Nous pourrions également réfléchir à la création d’une banque des
ressources stratégiques, pour créer des stocks et les gérer de façon
mutuellement bénéfique, pour renforcer l’indépendance stratégique
de tous nos pays.
83. Par ailleurs, il n’est probablement pas suffisant, même s’il
est nécessaire, d’avancer en Europe dans la bonne direction si d’autres
régions restent à la traîne; l’impact de l’inaction ou du manque
d’efficacité dans les autres régions de la planète sera de toute
façon global, car les conséquences du changement climatique sont à
l’échelle mondiale. Et là aussi, la mutualisation des efforts peut
devenir un outil non seulement d’un développement durable partagé
mais aussi de paix et d’amitié entre les peuples.

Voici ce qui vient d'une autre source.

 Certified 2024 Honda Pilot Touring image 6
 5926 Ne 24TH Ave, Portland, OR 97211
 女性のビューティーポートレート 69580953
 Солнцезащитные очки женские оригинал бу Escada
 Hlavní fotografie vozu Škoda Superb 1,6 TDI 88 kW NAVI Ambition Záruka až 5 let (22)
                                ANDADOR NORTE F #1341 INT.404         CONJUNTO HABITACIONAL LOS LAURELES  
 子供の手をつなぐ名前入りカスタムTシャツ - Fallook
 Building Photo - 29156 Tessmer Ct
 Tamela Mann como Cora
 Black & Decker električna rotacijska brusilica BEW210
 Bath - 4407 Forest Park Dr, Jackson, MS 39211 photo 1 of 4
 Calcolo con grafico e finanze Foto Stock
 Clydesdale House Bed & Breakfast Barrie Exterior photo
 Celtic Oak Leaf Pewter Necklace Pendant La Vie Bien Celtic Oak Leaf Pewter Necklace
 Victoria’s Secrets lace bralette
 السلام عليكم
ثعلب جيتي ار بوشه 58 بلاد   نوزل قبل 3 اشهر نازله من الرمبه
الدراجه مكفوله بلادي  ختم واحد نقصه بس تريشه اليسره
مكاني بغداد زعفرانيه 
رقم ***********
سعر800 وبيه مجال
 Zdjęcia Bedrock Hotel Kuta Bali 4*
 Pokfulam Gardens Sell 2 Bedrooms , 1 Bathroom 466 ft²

84. Réduire les effets du changement climatique en développant
les énergies renouvelables, en découvrant des énergies nouvelles
et en inventant des méthodes de recyclage de l’ensemble des matières
premières, et tout cela grâce à la recherche scientifique et technologique,
constitue un défi fascinant pour l’Europe et pour le monde. Le sauvetage
de la planète n’est pas incompatible avec le progrès et passe même
pour une grande partie par le progrès. Imaginer des modes de collaboration
entre États au sein du Conseil de l’Europe, conformément à nos statuts,
pourrait être une piste de travail pour notre Organisation; les
citoyens européens attendent des réponses fortes dans le domaine
de l’environnement et, dans l’esprit de la construction européenne,
ce sont les solidarités de fait que nous arriverons à créer, aujourd’hui
au niveau de la Grande Europe, qui permettront de rapprocher les
peuples et de garantir le maintien de la paix dans les prochaines décennies.